Martin Puryear has penetrated the art world hierarchy in a subtle, courageous journey, carving through the corridors of power to reveal a highly sophisticated message about Art. He also offers the viewer a message that explores racism in the U.S. — a rare expression of moral outrage whispered in masterfully skilled and beautifully constructed sculpture with metaphor, whimsy and deep commitment to visual art in these times.
While researching for this article I found in-depth analyses going back to the 70‘s in Art Forum by Judith Kirschner and John Ash. Puryear’s work exists on several levels. One is the abstract imagery superbly crafted with metaphorical references to African huts and totems, primitive utilitarian objects like baskets, cooking and planting tools, and imaginative constructions that shelter. Another is the playful characterization on the Black experience in a White man’s world.
While the drawings and prints are in and of themselves Art, they are also the artist’s way of working out his sculpture. In them we see the marks, mistakes, erasures, and multiple ideas translated onto paper.
Martin Puryearʼs “Multiple Dimensions,” the recent exhibition held at the Art Institute of Chicago is about the soul felt love of material and human life. It lifts the veil of hypocrisy about a free country for all in America. Puryearʼs drawings and sculpture remind us of a time before political correctness, diversity, racial discussions were popular culture.
With the skill of a master, Puryear transformed wood into sculpture as he experienced the life of people in Sierra Leone while working for the Peace Corps in 1978. In the first rooms are 20-plus careful contour drawings (rendered on napkins and brown wrapping paper) of women, men and children that Puryear met in Africa while teaching English and Biology. There are two ways of looking at these works: the initial drawings (figurative, botanical, framed Western style renderings describing a human face, a child, shelter and trees) and the abstract, mysterious, haunting sculpture which came after the drawings. They represent two worlds of seeing, two ways of approaching reality, sometimes in opposition but always successful as works of Art.

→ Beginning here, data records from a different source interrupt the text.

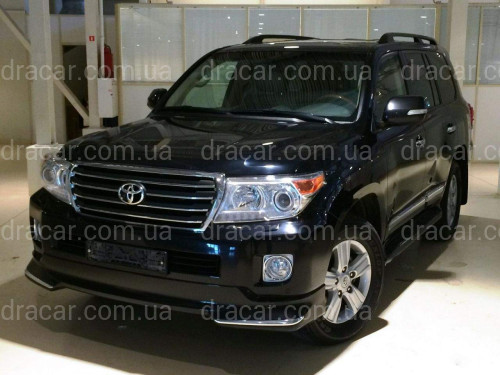 Спідниця переднього бампера Toyota Land Cruiser 200 2012-2015 у чорному кольорі артикул 3416
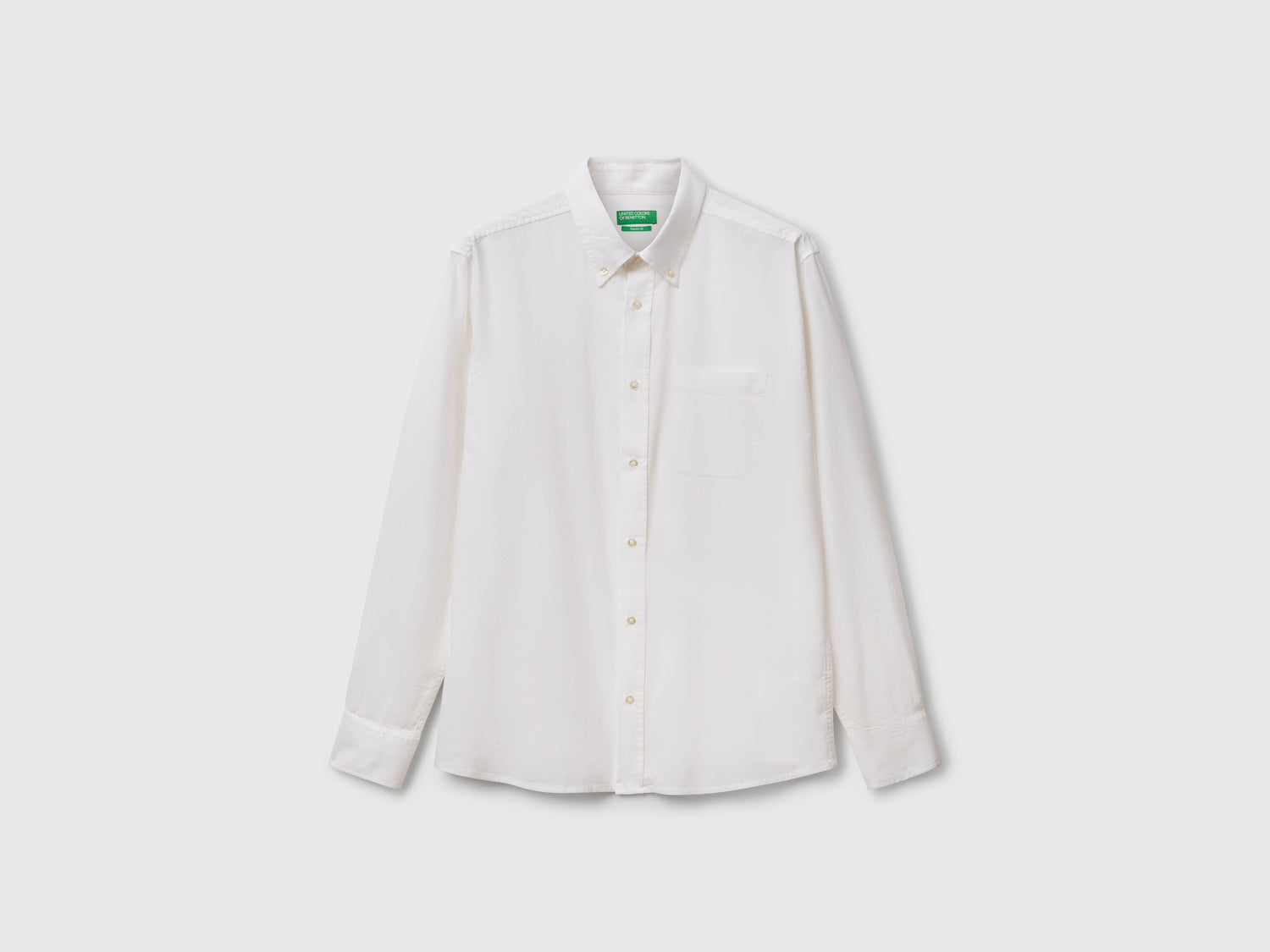 Camicia regular fit button-down da uomo bianco | Benetton Outlet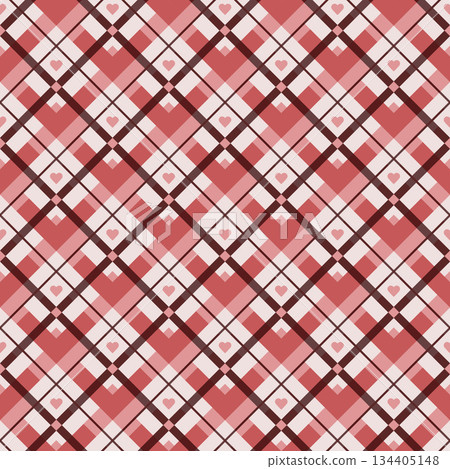 Diamond Check Folk Hearts pattern 134405148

In 1966–68 Puryear studied at the Swedish Academy of Art. Woodworking skills used in boat building that he learned there are employed in many of his works on view today. Rune Stone, commemorating Puryearʼs walking trek through Norway and Sweden in the 70ʼs harks back to Scandinavian memorial stones. Shaped like earlier heads of his work, these heads reappear throughout Puryearʼs oeuvre. Phrygian looks like soft sculpture, it could be foam, or hollowed out wood, even the folds in the cap look natural. Closer examination reveals the solid red cedar meticulously shaped like the cloth it is meant to evoke. Phrygianʼs grand entrance appears in the painted red cedar from a distance. Surprisingly it is possible to view it in this gallery.
During my second visit to the exhibition, I overheard two men talking about the books enclosed in a glass case — the Jean Toomer books that are difficult and important reading for a white person, like me. “What did you pay for yours? …At one time you could get a Puryear from her… I called her yesterday, …not a chance. Do I have to look at this?” he asked referring to the books by Jean Toomer. Toomer won the highest literary achievement of the Harlem Renaissance writing a masterpiece of African American writing, a blend of fiction, poetry and drama set in rural Georgia and Washington, D.C. “Cane” is a tragic story about Becky, from the South, a white woman who carried and bore a Black man’s child. Toomey’s stories are memorials to women who bore the brunt of racial discrimination in the deep South.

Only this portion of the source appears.